In Eminent Domain, is a Restrictive Covenant a Property Interest?

In oral arguments this week, the Colorado Supreme Court will take a look at a 63-year-old case in Colorado’s eminent domain law to figure out how broadly it applies. At issue is a Court of Appeals decision that interpreted the precedent’s peculiar fact pattern as a sweeping application of an exception to the takings clause. The key question: Does a covenant that restricts certain uses of property create a compensable property interest if a government declares eminent domain on it?

In 2018, the Court of Appeals ruled the application of a 1956 Supreme Court decision, Smith v. Clifton Sanitation District, is not limited to its fact pattern. In that case, property owners enacted a restrictive covenant against the use of their land as sanitation disposal after negotiations with a sanitation district to buy property for that purpose fell apart. The property owners’ clear goal was to prevent the sanitation district from declaring eminent domain to getting the land for its intended purpose, and the Supreme Court ultimately said the covenant did not create a property interest for compensation. 


This new case on appeal from the Court of Appeals, formerly known as Town of Monument v. State of Colorado, involves a parcel Monument bought in a residential area to build a municipal water storage tank. A restrictive covenant that applies to all the subdivision’s property lots bars such structures. Monument filed a case to use its eminent domain power, but other property owners said because the covenant benefits all the subdivision’s property, Monument can’t have an exception to the covenant without compensating each property owner.

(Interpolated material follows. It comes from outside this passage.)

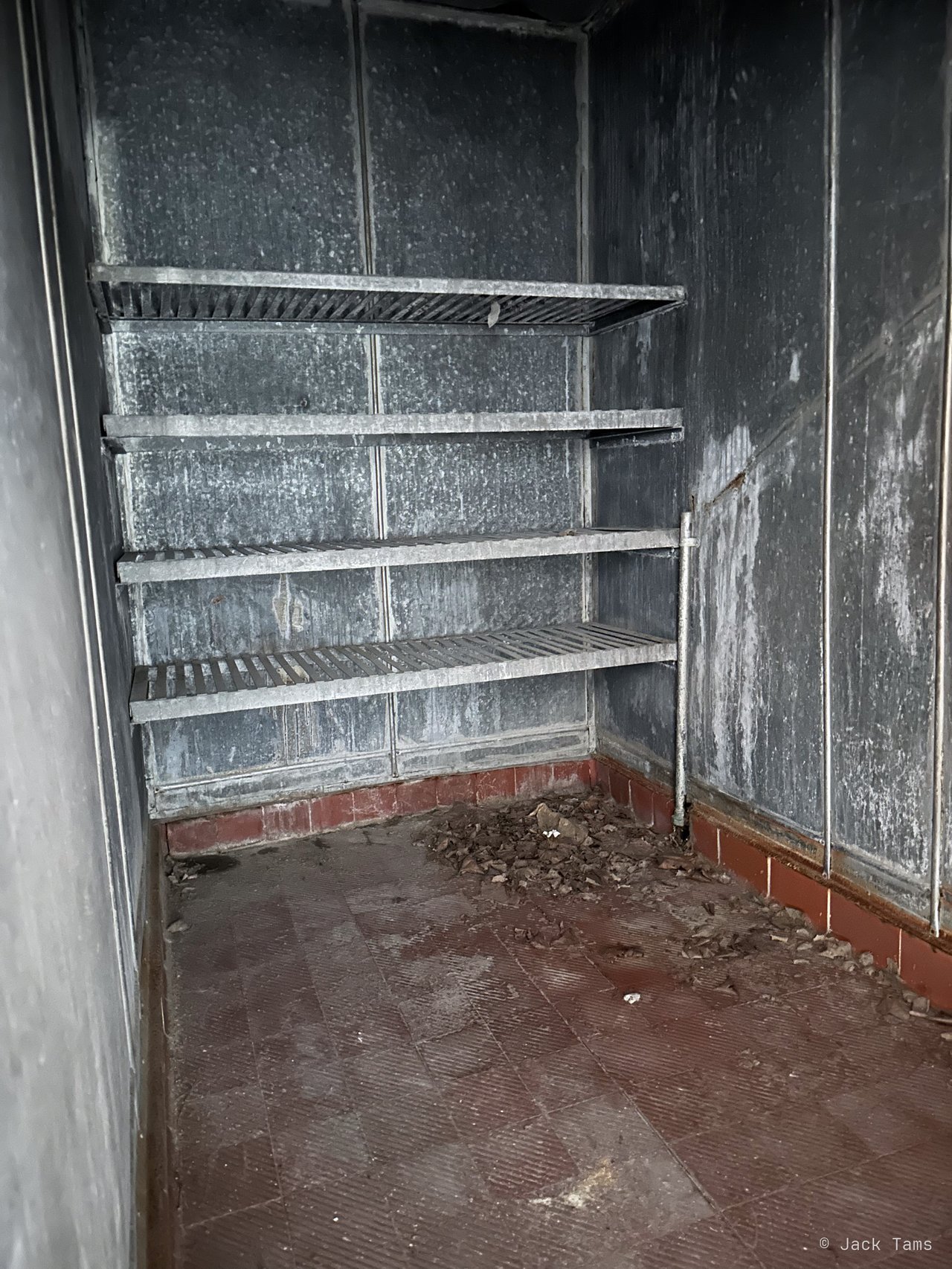 Bare shelving in a storeroom.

The Court of Appeals ruled in favor of Monument. The court read the Smith precedent broadly to mean a restrictive covenant does not create a property interest that a government has to compensate. The court acknowledged the fact pattern in Smith is unusual, but said the decision didn’t depend on on the property owners’ intent when they enacted the restrictive covenant.

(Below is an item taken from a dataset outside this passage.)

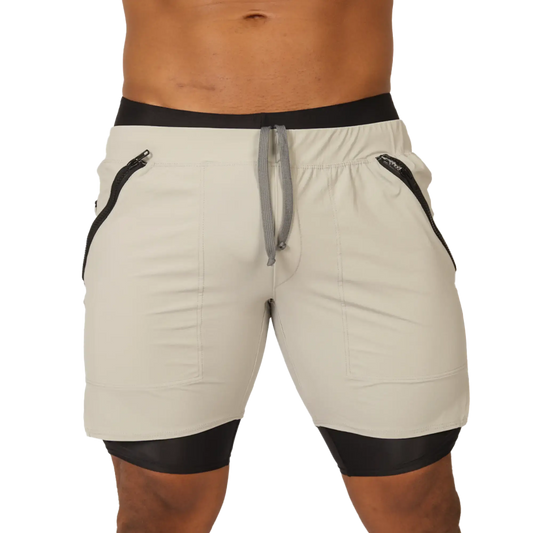 Cream-colored Gigo sporty gray short with black trim, side zippers, and drawstring waistband for athletic use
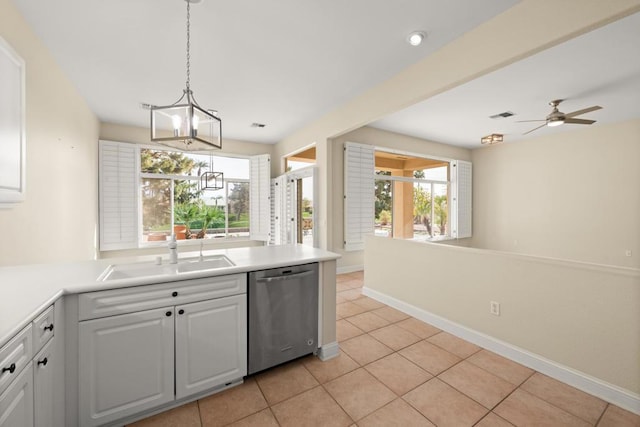 kitchen featuring a wealth of natural light, dishwasher, decorative light fixtures, white cabinetry, and sink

The Supreme Court “could’ve just said that regardless whether such restrictive covenants are compensable property interests in this context, they aren’t when agreed to as part of a scheme to muck up a condemning authority’s plans to acquire property through eminent domain,” wrote Judge Jerry Jones for the Court of Appeals. “But the court didn’t say anything like that. Instead, it articulated a rule in broad terms, without caveat.” Key to Monument’s argument is that “private entities do not have the power to curtail a government’s proper use of the condemnation power, and that’s what our contention is,” said Joseph Rivera, special counsel with Murray Dahl Beery Renaud who represents Monument. The case is now Raymond Decker and Forest View Company v. Town of Monument. “However, I think why the court is looking at it is because other states have held differently.” 

As one example, the New Mexico Court of Appeals cited the Smith case in Leigh v. Village of Los Lunas. The 2004 decision held construction of a drainage pond violated a restrictive covenant and required compensation to landowners of one nearby parcel. The decision recognized Colorado’s decision in Smith as part of a “minority view” that restrictive covenants aren’t property covered by eminent domain protections.

Jack Sperber, a partner at Faegre Baker Daniels who represents both landowners and condemning entities in eminent domain cases, said it seems well-established that private entities can’t restrict governments’ eminent domain authority. The unusual question, he said, is more about whether a restrictive covenant is actually a property interest if an entity with eminent domain powers violates it for a public use. “I think that is a pretty clear baseline proposition. What’s interesting about these kinds of cases is [whether] a restrictive covenant is some form of property right.”

Rivera said he plans to argue that even though the Smith precedent had a peculiar fact pattern, the court still “took great pains” to make its decision broad. “One of the [policy] bases was that private landowners cannot contract to restrict a government from exercising its power of eminent domain,” he said.

In Smith, the Supreme Court pointed to the difficulty a condemning authority would have if it had to pay damages for each property interest in an area subject to restrictions. Richard Hanes, an attorney at Hanes & Bartels who represents Raymond Decker and Forest View Company, said he disagrees with that reasoning. Compensation would in reality depend on specific damage to each lot, he said, rather than automatically applying to all lots subject to a restrictive
covenant. 

Hanes added it doesn’t make sense to base a ruling on the “worst-case scenario that is probably unlikely.”

Rivera said the fact that Monument didn’t actually take property is a key piece of the municipality’s case, because entitlement to compensation in an eminent domain case requires the use of a landowner’s property.

“What was harmed was not an interest in real property that [residents] own,” he said. “That’s a super important distinction.”